Stored dataset items:
########################################
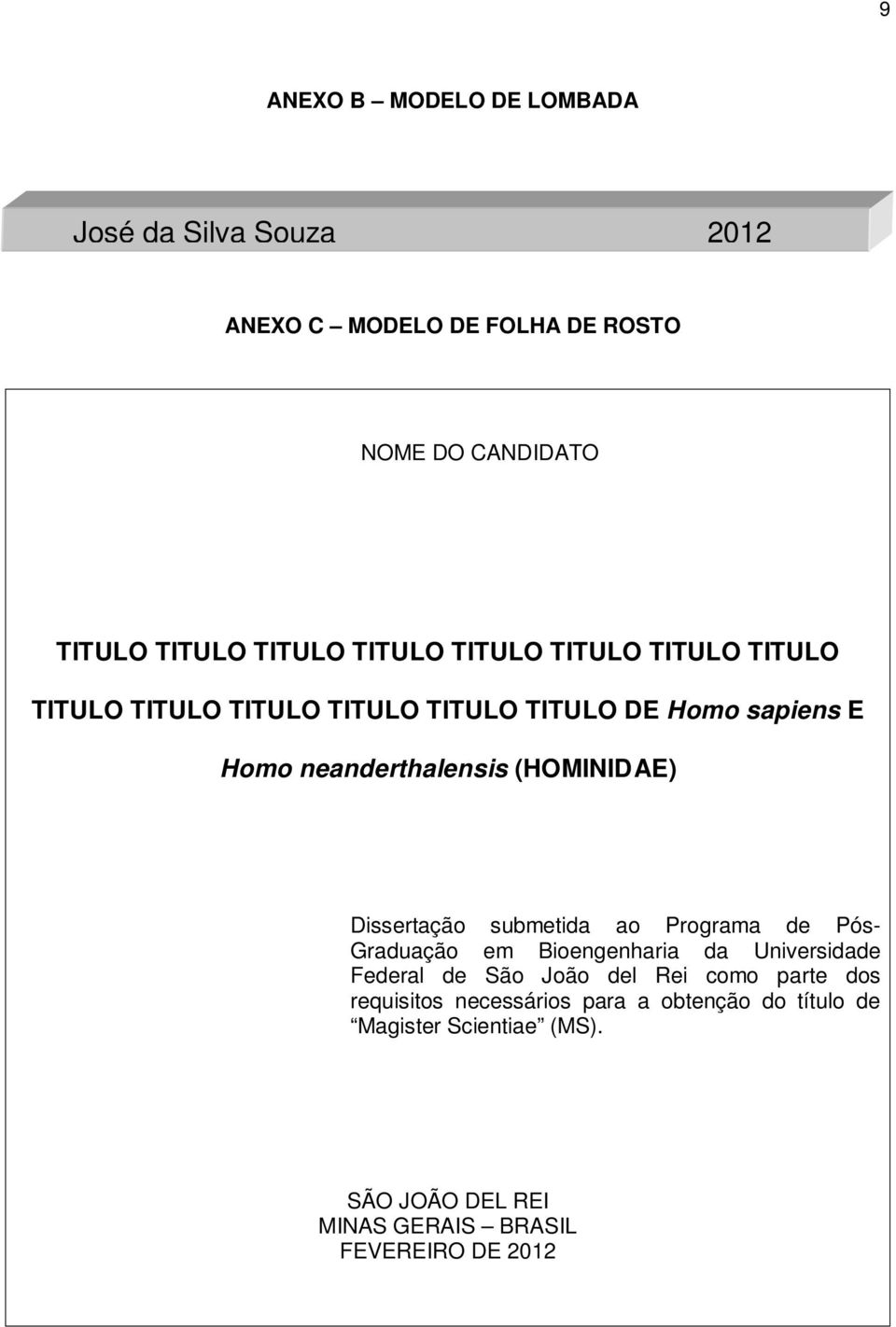 Dissertação submetida ao Programa de Pós- Graduação em Bioengenharia da Universidade Federal de São João del Rei como parte dos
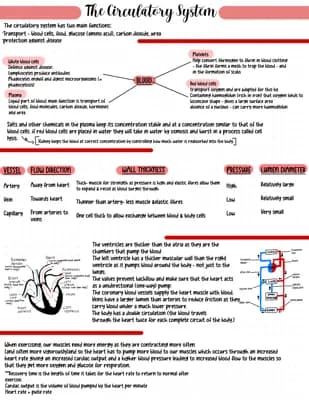 Know CCEA GCSE biology- circulatory system thumbnail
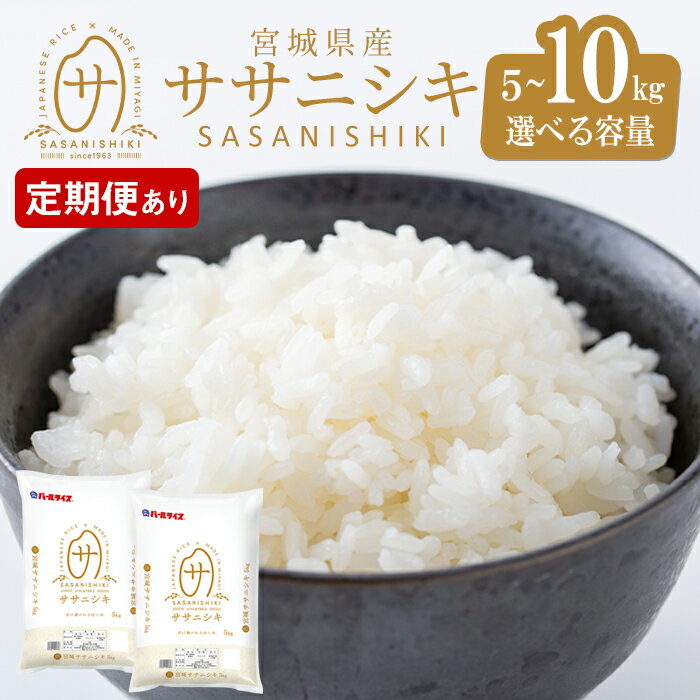 【ふるさと納税】【令和7年産】宮城県産 ササニシキ 5kg〜10kg ＜定期便も可！＞ お米 おこめ 米 コメ 白米 ご飯 ごはん おにぎり お弁当 ささにしき 頒布会【株式会社パールライス宮城】ta204・ta573・ta595・ta596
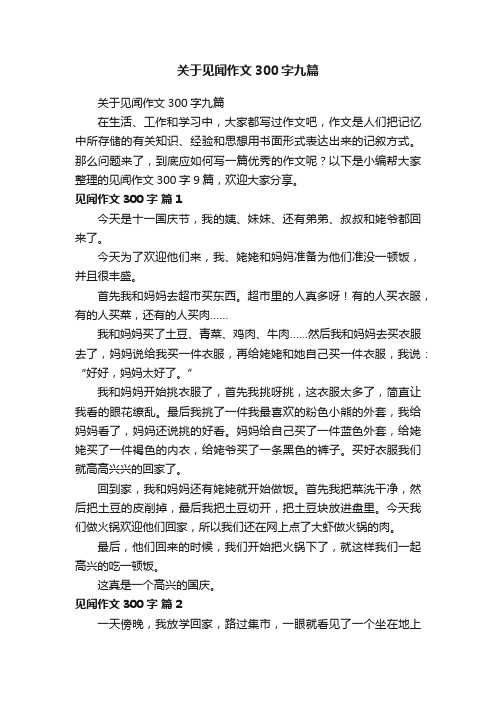 关于见闻作文300字九篇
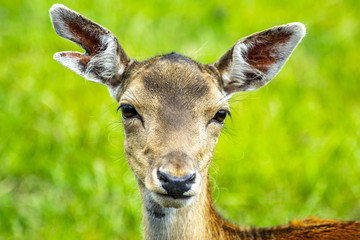 deer with grass background deer close-up deer wildlife 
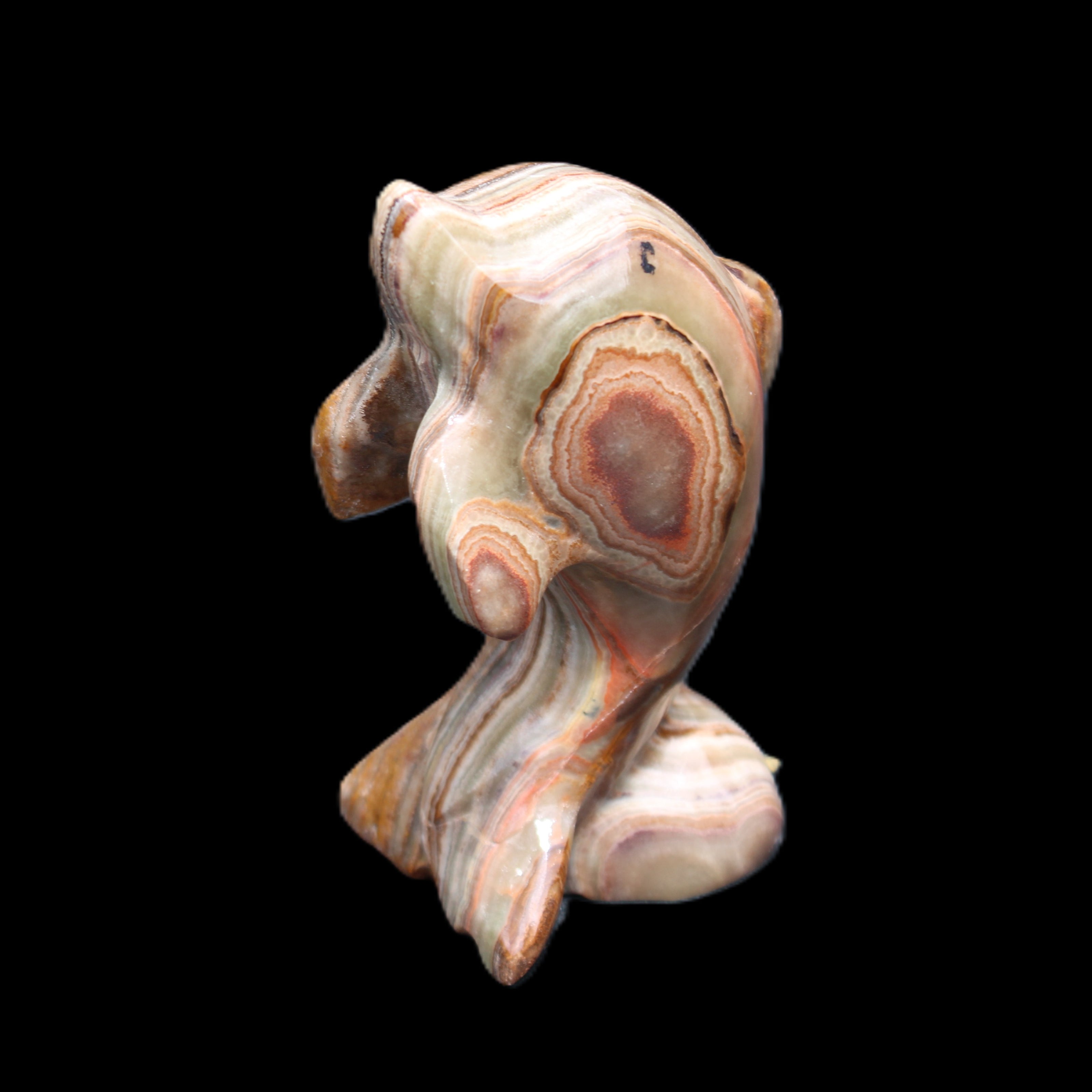 Afghan Jade Leaping Dolphin hand-carved 85*51*35mm 171g in sunlight - Rocks and Things Store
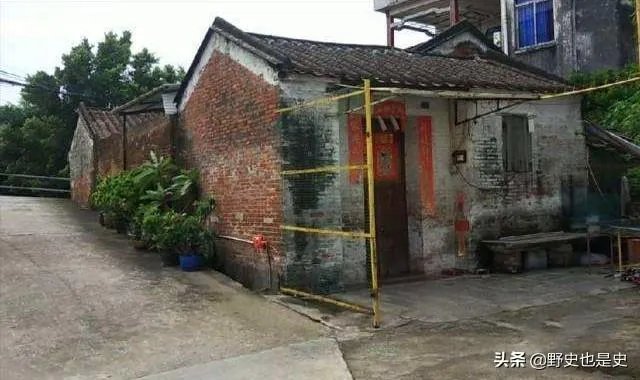 为什么佛山88岁老人被狗绊倒家属不追责?如何去理解这种做法?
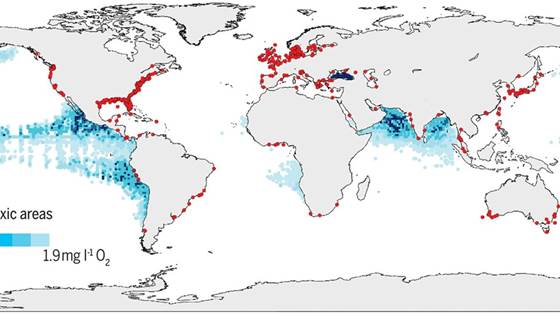 BLUE-GREENWAY: Innovative solutions for improving the environmental status of eutrophic and anoxic coastal ecosystems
########################################
# WHAT IS BEING ASKED
Give an exact copy of the entries, excluding all pictures.

# FINISHED EXERCISE
 Dissertação submetida ao Programa de Pós- Graduação em Bioengenharia da Universidade Federal de São João del Rei como parte dos
 Know CCEA GCSE biology- circulatory system thumbnail
 【ふるさと納税】【令和7年産】宮城県産 ササニシキ 5kg〜10kg ＜定期便も可！＞ お米 おこめ 米 コメ 白米 ご飯 ごはん おにぎり お弁当 ささにしき 頒布会【株式会社パールライス宮城】ta204・ta573・ta595・ta596
 关于见闻作文300字九篇
 deer with grass background deer close-up deer wildlife 
 Afghan Jade Leaping Dolphin hand-carved 85*51*35mm 171g in sunlight - Rocks and Things Store
 为什么佛山88岁老人被狗绊倒家属不追责?如何去理解这种做法?
 BLUE-GREENWAY: Innovative solutions for improving the environmental status of eutrophic and anoxic coastal ecosystems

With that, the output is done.